Johnny Byrne pens this episode that first debuted on 30 October, 1975, that sees Moonbase Alpha encountering yet another alien life form (something that they take way too easily in stride as a series. There should be wonder and discovery associated with these things, but instead we just dive into the story – although there is a hint of this in the pre-credit sequence).
A miles long spaceship (a pretty cool design) comes close to the travelling moon, and Koenig (Martin Landau) and his fellow Alphans meet a new group of humanoid aliens. Ones who have a very definitive class structure.
Investigating the ship, all the exploratory teams encounter different portions of the ship’s residents, There are some living in luxury, and others, used as slave labour, and forgotten amongst the lower decks. Then there are those referred to as mutants…
Koenig and Bergman (Barry Morse) end up in the upper class, while Russell (Barbara Bain) is captured by the lower class, all while Alan (Nick Tate) traverses the starship (with some nice matte paintings and models) looking for his fellows.
The episode features Joan Collins as one of the aliens, Kara.
It seems Kara and the fourteen surviving pure Darians have created a false mythology to keep the rest of the ‘unclean’ in servitude, and use them as resources.
Kara and the upper-class offer Koenig and Bergman the opportunity to have Alpha join them all on the ship. An offer he considers, until he learns what they are really doing to the rest of the people, and the fate they have planned for the Alphans.

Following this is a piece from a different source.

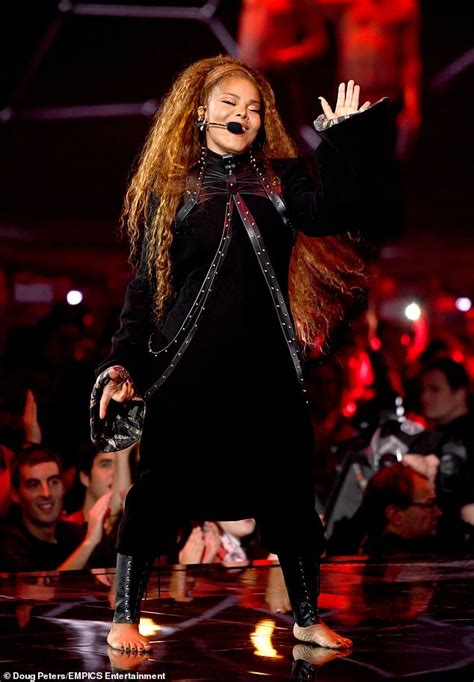 Mtv Emas 2018 Janet Jackson 52 Delivers Metoo Speech While Picking
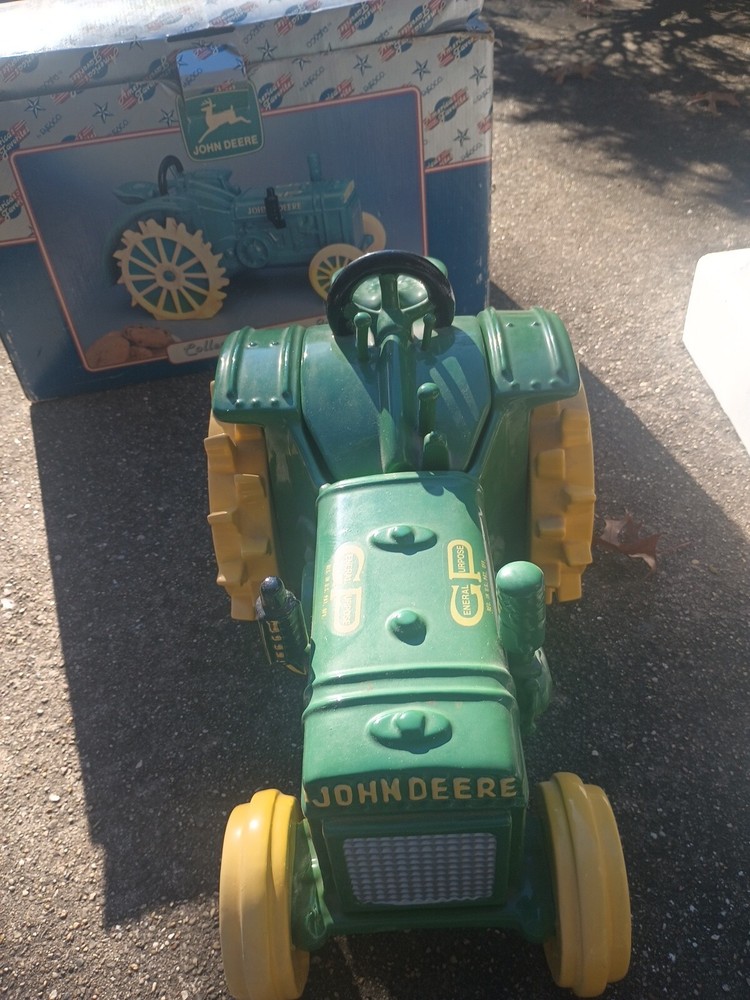 John Deere Tractor Ceramic Cookie Jar 98 Collectible Read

This episode looks great, and the visuals are pretty sweet for the time. They could have changed this into a huge two-parter and made it really epic. After Breakaway, this is my favourite episode that I have screened so far.
Black Sun was written by David Weir and first aired on 6 November, 1975.
Alpha is tumbling towards a black hole, or black sun, the pull of it increasing moment to moment. Bergman is able to come up with a plan, an energy field to protect the base, but Koenig feels that just won’t be enough, and selects six designated survivors to escape in an Eagle.
Trouble starts when an asteroid first headed for Alpha is pulled off course and destroyed by the black hole, and we are given an emotional arc, when Sandra (Zienia Merton), one of command’s main workers loses her lover when he pilots an Eagle to close to it.
Bergman’s plan is to protect the base… but what about the rest of the moon? I don’t quite understand the logic in that.
And why would Koenig be right, and know more about a black hole (sun) than Bergman?
We do learn, after a short circuit that gives the professor a bit of a jolt, that Bergman has a mechanical heart- interesting character note, and one that may never be revisited again. I think as much as I am enjoying the show, there’s a lack of series continuity, let alone a series long arc. But that’s no detracting from my enjoyment that much.
Koenig selects six people, including Alan, Russell, and Sandra who will be in the Eagle. As the Eagle departs, Koenig and Bergman (and those that remain on Alpha) prepare for the end, and it is Bergman, the scientist that leads a metaphysical discussion.
The rest of the Alphans find solace as they can. while Koenig and Bergman sit in command and discuss possibilities, just as something very odd starts to happen (and honestly, not very scientific).It tries for a very brief moment to go all 2001: A Space Odyssey, with ageing, some pseudo-scientific discussions, some strange visuals… It doesn’t work as well as Kubrick’s film, but that’s okay, the up side is that Moonbase Alpha, and the moon come out the other side of its encounter with the black sun (on the other side of the universe), reunite with the eagle and its crew and continue their interstellar travels.